## [Instructions for the task]
Up to and including the line containing "Used 2024 Chevrolet", please reproduce the lines of the listing below, starting from the top.

## [Data for the task]

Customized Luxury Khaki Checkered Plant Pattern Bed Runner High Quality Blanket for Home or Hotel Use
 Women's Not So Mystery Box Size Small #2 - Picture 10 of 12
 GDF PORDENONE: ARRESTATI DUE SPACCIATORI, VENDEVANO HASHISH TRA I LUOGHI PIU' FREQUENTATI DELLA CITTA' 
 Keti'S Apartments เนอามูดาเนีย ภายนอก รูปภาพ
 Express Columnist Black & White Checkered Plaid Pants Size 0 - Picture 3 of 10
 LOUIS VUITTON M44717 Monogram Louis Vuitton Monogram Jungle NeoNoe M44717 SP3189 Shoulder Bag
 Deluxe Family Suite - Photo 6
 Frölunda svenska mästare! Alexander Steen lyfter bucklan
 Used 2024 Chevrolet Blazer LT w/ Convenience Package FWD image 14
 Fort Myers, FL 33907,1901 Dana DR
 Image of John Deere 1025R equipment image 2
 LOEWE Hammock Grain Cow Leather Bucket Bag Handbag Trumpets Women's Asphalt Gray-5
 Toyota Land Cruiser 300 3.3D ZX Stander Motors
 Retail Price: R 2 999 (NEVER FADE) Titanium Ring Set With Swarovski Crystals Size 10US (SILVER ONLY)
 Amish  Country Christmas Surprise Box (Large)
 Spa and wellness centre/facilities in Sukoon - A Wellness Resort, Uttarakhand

## [Task output]
Customized Luxury Khaki Checkered Plant Pattern Bed Runner High Quality Blanket for Home or Hotel Use
 Women's Not So Mystery Box Size Small #2 - Picture 10 of 12
 GDF PORDENONE: ARRESTATI DUE SPACCIATORI, VENDEVANO HASHISH TRA I LUOGHI PIU' FREQUENTATI DELLA CITTA' 
 Keti'S Apartments เนอามูดาเนีย ภายนอก รูปภาพ
 Express Columnist Black & White Checkered Plaid Pants Size 0 - Picture 3 of 10
 LOUIS VUITTON M44717 Monogram Louis Vuitton Monogram Jungle NeoNoe M44717 SP3189 Shoulder Bag
 Deluxe Family Suite - Photo 6
 Frölunda svenska mästare! Alexander Steen lyfter bucklan
 Used 2024 Chevrolet Blazer LT w/ Convenience Package FWD image 14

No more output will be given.